“I’m sure I did”: Shocking deposition bombshell rocks Ken Paxton campaign as unsealed testimony suggests he handed over confidential client records to opposing side
Texas – A newly revealed court document has thrown Ken Paxton into fresh controversy at a critical political moment, exposing sworn testimony that raises serious questions about his conduct as a lawyer. At the center of the storm is a blunt admission — one that now threatens to reshape both his legal reputation and his ongoing Senate campaign.
The deposition, which had remained hidden for years, reportedly shows Paxton acknowledging that he shared sensitive information tied to a former client — a move widely viewed as a breach of attorney-client trust.
Unsealed testimony reveals key admission
The documents, obtained after years under seal, offer a rare glimpse into Paxton answering questions under oath. According to reporting, the testimony had been kept from public view for an extended period due to legal delays tied to the case.
“The deposition marked a rare instance of Paxton being made to answer questions under oath,” the report explained. “It remained effectively sealed when the case’s judge, a donor to Paxton’s wife, state Sen. Angela Paxton, delayed ruling on its sealing for more than four years until the case was settled in 2023.”
Within that testimony lies the most damaging detail. Paxton was questioned about whether he had shared internal records connected to a former client — records he was expected to keep confidential.
His answer was direct and difficult to ignore: “I’m sure I did.”
That statement, simple but powerful, now sits at the heart of the controversy. It suggests that Paxton knowingly passed along information that should have remained protected under legal rules.
The case behind the controversy
The deposition stems from a legal dispute involving business dealings and alleged fraud. The report outlined how Charles Loper III, who managed a blind trust connected to Paxton, filed a lawsuit against Byron Cook, a former associate, over claims tied to an energy company.
“Charles Loper III, trustee of Paxton’s blind trust, sued Byron Cook, a former business associate, claiming fraud by Unity Resources, an energy investment company. Paxton wasn’t a defendant in the suit, but was Unity’s former lawyer, board member and investor,” the report stated.
Even though Paxton was not directly being sued, his role placed him in a sensitive position.

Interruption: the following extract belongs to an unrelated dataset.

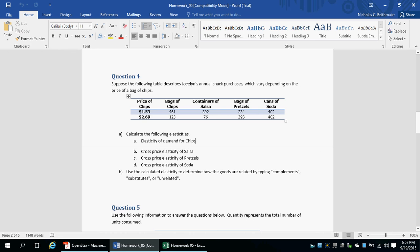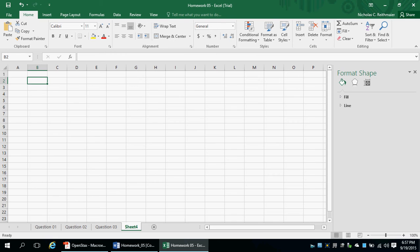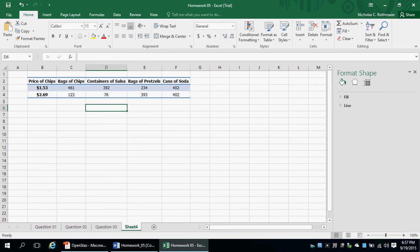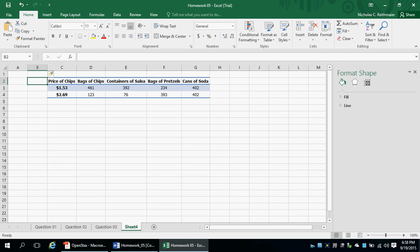The first thing I'm going to do is copy my data into Microsoft Excel. That is copied in. I'm going to make my columns a little bit bigger and then shrink them again. Then I want to insert a column in front of my table so I can put some labels there. Let's do this for part A — calculate the elasticities.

As a former lawyer for the company involved, he had a duty to protect its internal communications.
However, during questioning, attention turned to his decision to give certain records to his own attorney, Mitch Little — a lawyer who was also representing Loper in the lawsuit against the same company.
“Attorneys pressed Paxton on having given Unity records to his own attorney Mitch Little — who was also representing Loper in suing Unity — but not to Unity itself. ‘I’m sure I did,’ Paxton said of giving the communications to Little, saying that he had done so to see if they were privileged.”
That explanation has done little to ease concerns, especially among legal experts who point to strict rules governing client confidentiality.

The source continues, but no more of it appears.